*What the task asks*: What you write must be the listing below in full, word for word, minus its pictures.

*Data segment*:
-------

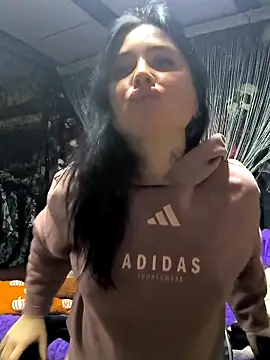 Snapshot of KikiXRed chatting on 10, 11, 2025 KikiXRed online show from 10, 11, 2025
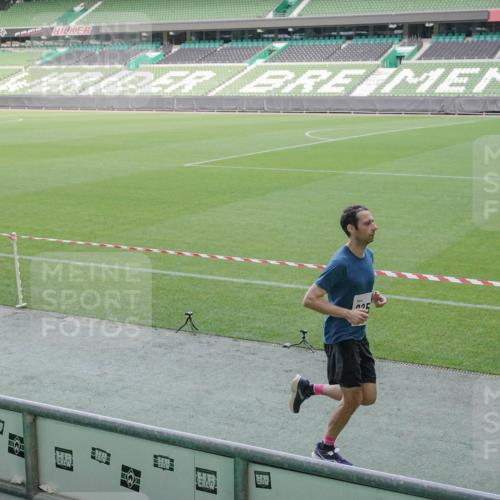05.10.2025 - 20. swb-Marathon Bremen Michael Burmester http://msf.ph/oto/9227717 05.10.2025 10:24:41 Laufen im Stadion 8187, 9253, 9364, 9524, 9700, 10208, 10229, 10375, 10691, 10744, 10838, 10880, 10910, 10979, 11217, 11304, 11476, 11640, 11701, 11725, 9262, 10276, 10592, 11086, 11114, 11418, 11567, 11710 meine-sportfotos.de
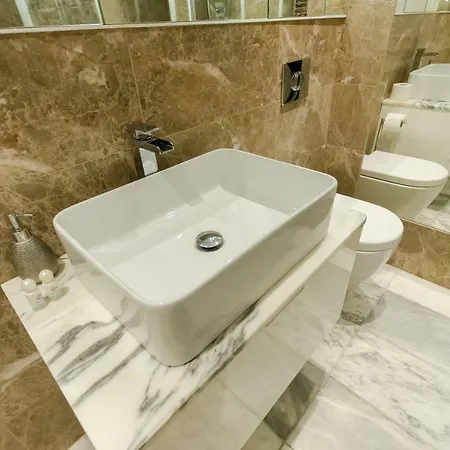 Kazimierz Penthouse With Private Terrace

-------

*Written answer*:
 Snapshot of KikiXRed chatting on 10, 11, 2025 KikiXRed online show from 10, 11, 2025
05.10.2025 - 20. swb-Marathon Bremen Michael Burmester http://msf.ph/oto/9227717 05.10.2025 10:24:41 Laufen im Stadion 8187, 9253, 9364, 9524, 9700, 10208, 10229, 10375, 10691, 10744, 10838, 10880, 10910, 10979, 11217, 11304, 11476, 11640, 11701, 11725, 9262, 10276, 10592, 11086, 11114, 11418, 11567, 11710 meine-sportfotos.de
 Kazimierz Penthouse With Private Terrace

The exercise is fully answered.